EJ Obiena vies for historic podium finish at World Championships

EJ Obiena wins another pole vault gold in the SEA Games. SEA GAMES POOL PHOTO

FILE–Filipino pole vaulter EJ Obiena. CONTRIBUTED PHOTOS

MANILA, Philippines–For the Philippines, a single entry could be enough to land a historic medal in the 2022 World Athletics Championships.

While all 83 countries are set to bring most, if not all, of their finest tracksters to the Eugene, Oregon meet this weekend, pole vaulter EJ Obiena will be the lone Filipino entry on the grandest stage in global track and field.

But it will certainly not hamper the thrust of the 6-foot-2 Tokyo Olympian to clamber onto the medal podium of his event, being the No. 4-ranked men’s vaulter in this year’s world outdoor list.
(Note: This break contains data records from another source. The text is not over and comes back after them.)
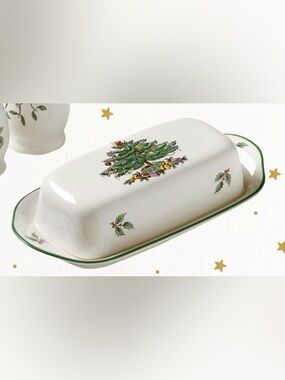 Spode Festive Christmas Tree Butter Dish with Lid, 8”, LIKE NEW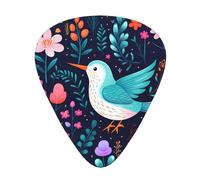 Juego de púas de guitarra con diseño de colibrí, 3 grosores diferentes, 12 piezas para una variedad de instrumentos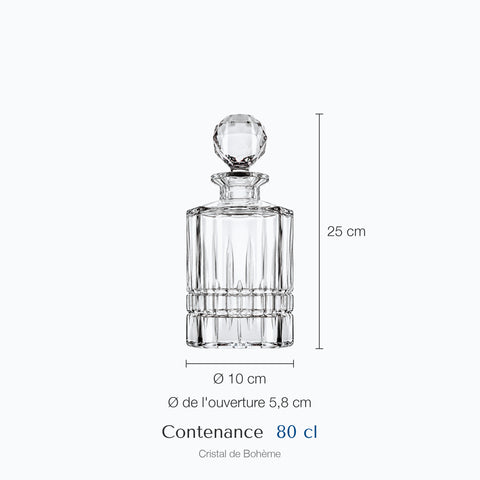 Dimensions : Carafe à Whisky Cristal de Bohème Zircon (hauteur 25 cm, contenance 80 cl)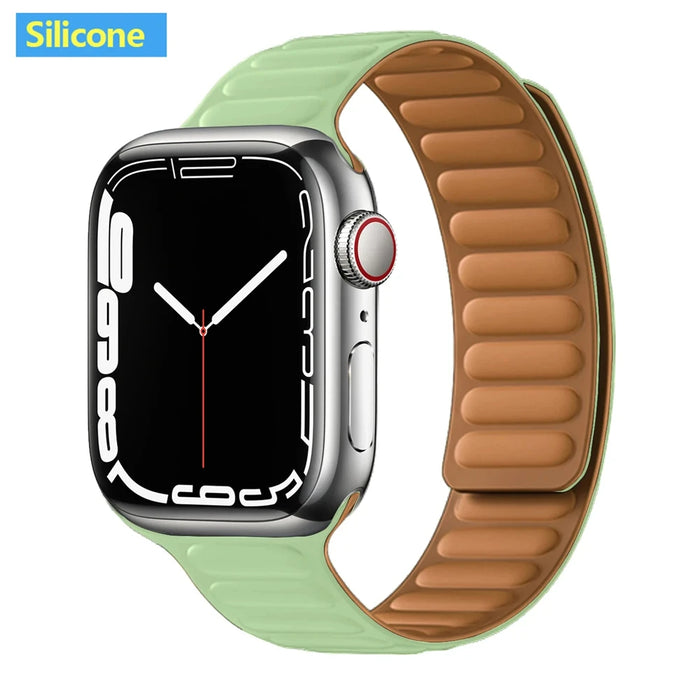 Green Silicone Link Magnetic Loop Apple Watch Band On Sale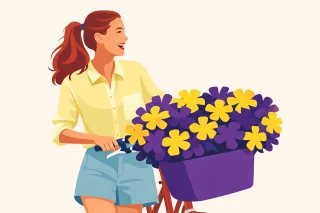 Spring Bicycle Flowers Stickdatei – Blumen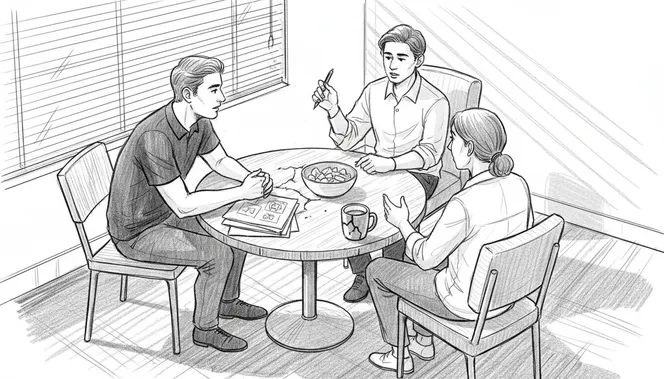 Team members sharing trust-building stories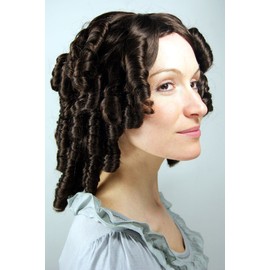 Quality COSPLAY Lady Wig COLONIAL Baroque Victorian Coils/Curls BROWN brunette 6006A-6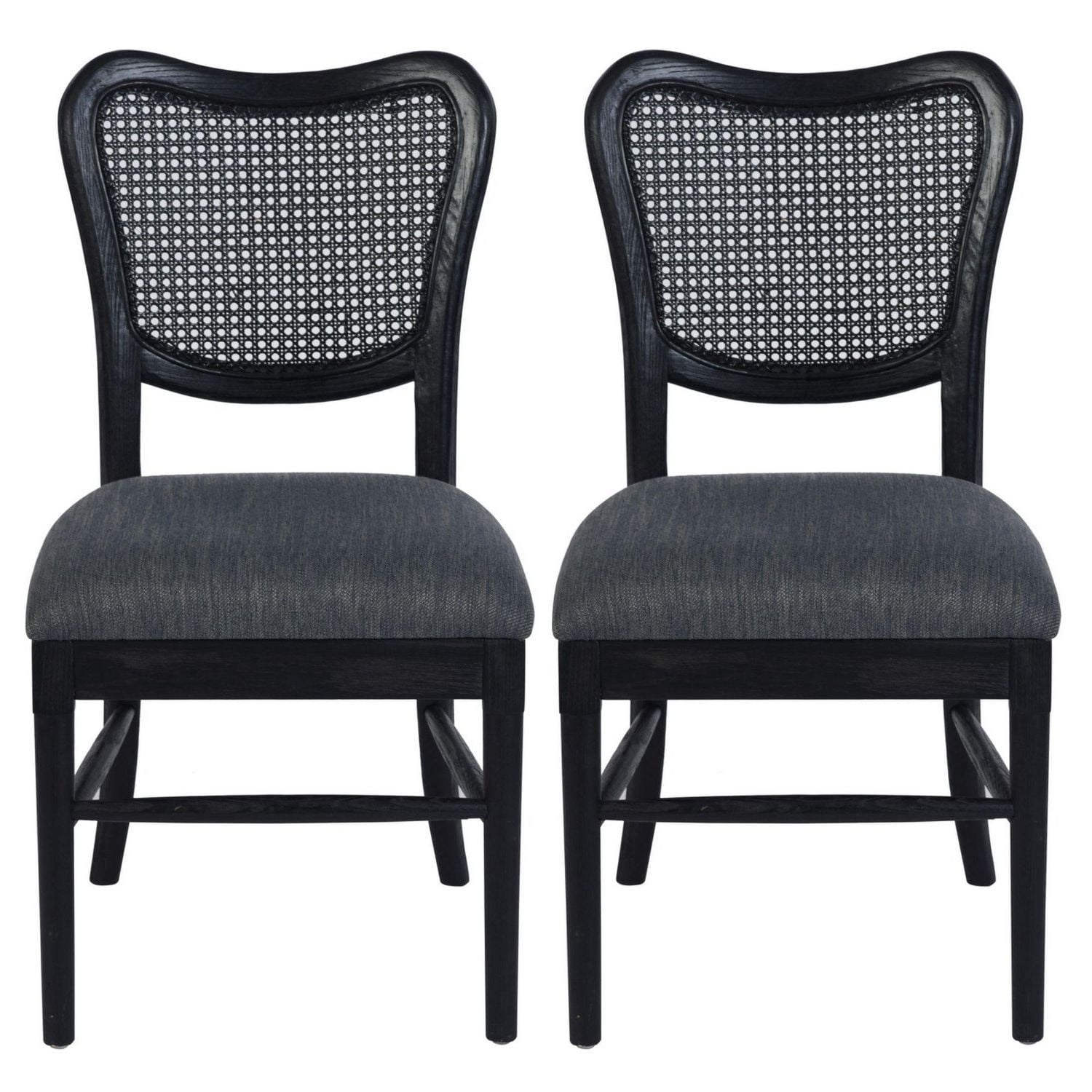 Chaises de salle à manger Lot de 2, chaises latérales rembourrées avec dossier en rotin et pieds en bois, chaises au design moderne du milieu du siècle pour le salon et la cuisine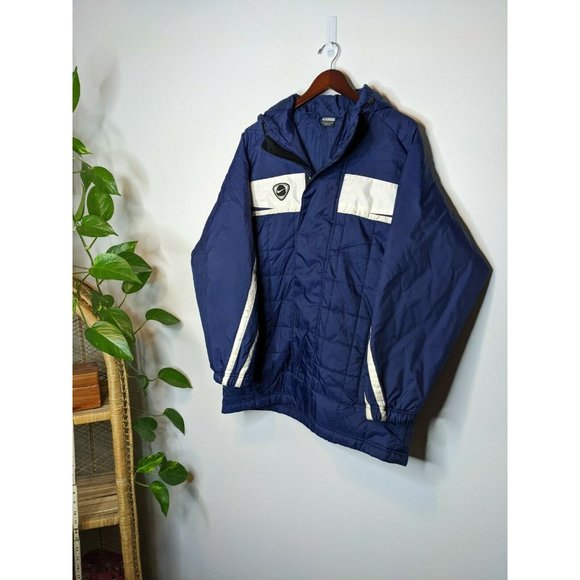 Nike Jackets & Coats Nike Jacket Mens L Blue Parka Hooded Long Coat Full Zip Soccer Coach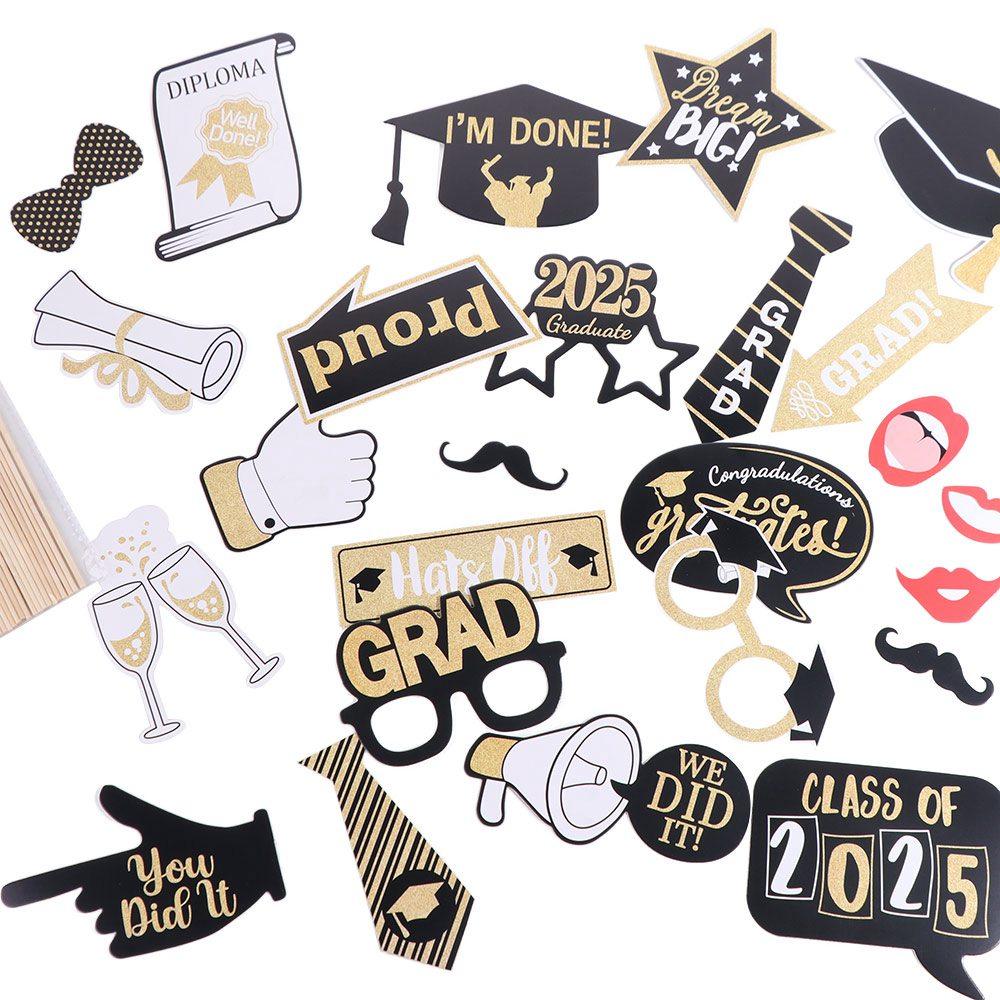 25pcs Congratulation 2025 Photo Booth Props Black Gold Dress Up Costume Mask  Party Favors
A definite medal contender, Obiena’s 5.92-meter effort in the current outdoor ranking could propel Team Philippines to its first-ever podium finish in the worlds scheduled July 15-24.

The biennial world championship organized by World Athletics is the highest level of competition in senior international outdoor track and field alongside the Olympic Games.

“Keep jumping, keep improving. With God’s grace and determination, we’ll soon reach our goal,’’ Obiena posted on his Facebook account after winning two of his last three outdoor contests in a week’s span prior to his US trip.

The Asian record holder who cleared 5.93m in Innsbruck, Austria on September 11 last year ruled the Taby Stavhoppsgala in Sweden and defended his title in the Jump and Fly in Hechingen, Germany, capping his world championships preparation.

Obiena, named recently as an Outstanding Manilan in the field of sports, also struck gold in the European City of Sports in L’Aquila, Italy at the start of his outdoor campaign two months ago.

The evident wrinkle, however, was Obiena’s sixth finish in the recent Diamond League where his toughest rivals were present and ruled by world champion Mondo Duplantis before his countrymen in Stockholm, Sweden.

Duplantis is the reigning Olympic champion and world record holder of 6.16 meters.

Obiena will find himself alone in the coming worlds after Filipino-American hurdler Eric Cray wasn’t able to meet the cut in the men’s 400m hurdles.

Cray, still indisputable in his pet event for five Southeast Asian Games in a row, compiled 1175 points and ranked 43rd among 400 hurdlers in the World Athletics point system where only the top 40 earned the right to book a trip to Oregon.

Cray, who raced for the nation in the 2013, 2015 and 2017 world championships, is looking forward to making it to the 2024 Paris Olympics.